Tested: winter term 2006/2007
Takes place: during winter terms only
Course language: German
Lecturer: Holger Gast
Hours per week (per course): 2 (+2 for the tutorial consisting out of loads of homework, required for the Schein)
Credit points: 6 (B.A. Computational Linguistics Major Elective), 10 (M.A., not counted as CL course.)
Web site: http://www.informatik.uni-tuebingen.de/


Object-oriented programming

The course focuses on object-oriented design, and the programming langauge is Java. Prerequisites are advanced skills in Java. There are homework exercises to be submitted each week (you work on them in teams of three). To get credit for ISCL you have to do a written exam. To be allowed to do the exam you need to have successfully completed 60% of the homework exercises. About the course: topics, which are covered are: responsibility driven design, design patterns, event-driven programming, and of course, good manners of object-oriented programming in general (for the notions above, please, see the explanation in "Software-Architektur" above). The course is quite intensive, but definitely worths doing, because many interesting and useful exercises are discussed. (It was not expected that you know any event-driven programming in Java, and everything is covered from scratch).

Participants are expected to use Eclipse.

Tested: winter term 2007/2008
Course language: German
Lecturer: Holger Gast
Hours per week (per course): 2 (+2 for the tutorial consisting out of loads of homework, required for the Schein)
Credit points: 6 (B.A. Computational Linguistics Major Elective), 10 (M.A., not counted as CL course.)
Web site: http://www.informatik.uni-tuebingen.de/

Grundlagen der Webentwicklung

This course starts where normal website-building courses (e.g., the Webmaster Crash Courses) end.
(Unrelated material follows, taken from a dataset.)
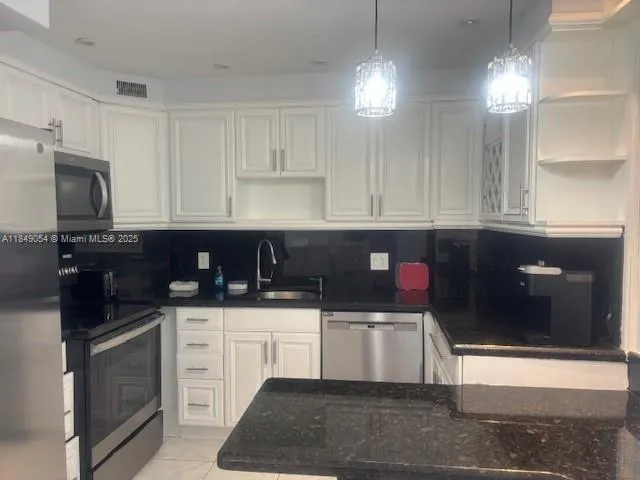 a kitchen with granite countertop a sink a stove and cabinets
It teaches you how to setup your own web server, configure it, and run content management systems (CMS) on it. Furtherly, some common CMS's are reviewed and compared to each other. You will also learn basic concepts of computer networks like the OSI Model of seven network layers.

Tested: winter term 2011/2012
Course language: German
Lecturer: Prof. Thomas Walter (Informatik/ ZDV)
Hours per week (per course): 2 (+2 for the tutorial consisting of loads of homework, required for the Schein)
Credit points: 4
Web site: Grundlagen der Webentwicklung

Key qualifications

Rede- und Präsentationskompetenz

This is an online seminar offered by the rhetorics department which provides valuable insights into the field of rhetorics as such as well as methods for preparing and giving good presentations. Presentations being an important part of our studies, this course is certainly worth the non-negligible effort: Every week, a half-hour video must be watched, a written task completed and other participants' exercises reviewed. There are also two practical sessions where one meets at a fixed time in real life and gives a speech prepared beforehand.

Tested: winter term 2006/2007
Lecturer: Katie Böhme
Course language: German (very good command required!)
Credit points: 4 (B.A. Computational Linguistics Major Elective)
Web site: http://www.virtuelle-rhetorik.de/

Webmaster Crashkurs I und II

In just two weeks, these courses teach you everything you need to know to start your own professional website. Please note that this is not an introduction to any WYSIWYG editors for web pages, but you'll learn how to write the HTML, CSS, PHP, JavaScript... code yourself.

Tested: winter term 2010/2011
Lecturer: Axel Pratzner
Course language: German
Credit points: 3 + 2
Web site: http://www.webmaster-crashkurs.de/

Mit Körper und Stimme überzeugen

This is not one of the usual courses on presentation techniques. While academic presentations are a very prominent topic, this course addresses all kinds of human communication. You will learn how to use body language and voice modifications to get your point accross. This course is especially suitable for shy people and people who don't know what to do with their hands while speaking.

Tested: winter term 2012/13
Lecturer: Annika Beifuß (external)
Course language: German
Credit points: 2 (?)

Poster gestalten leicht gemacht

Here you learn how to design a poster about your research work that is both appealing and informative. As a young researcher, poster presentations are often your first contact with the scientific community - and you want to make a good first impression!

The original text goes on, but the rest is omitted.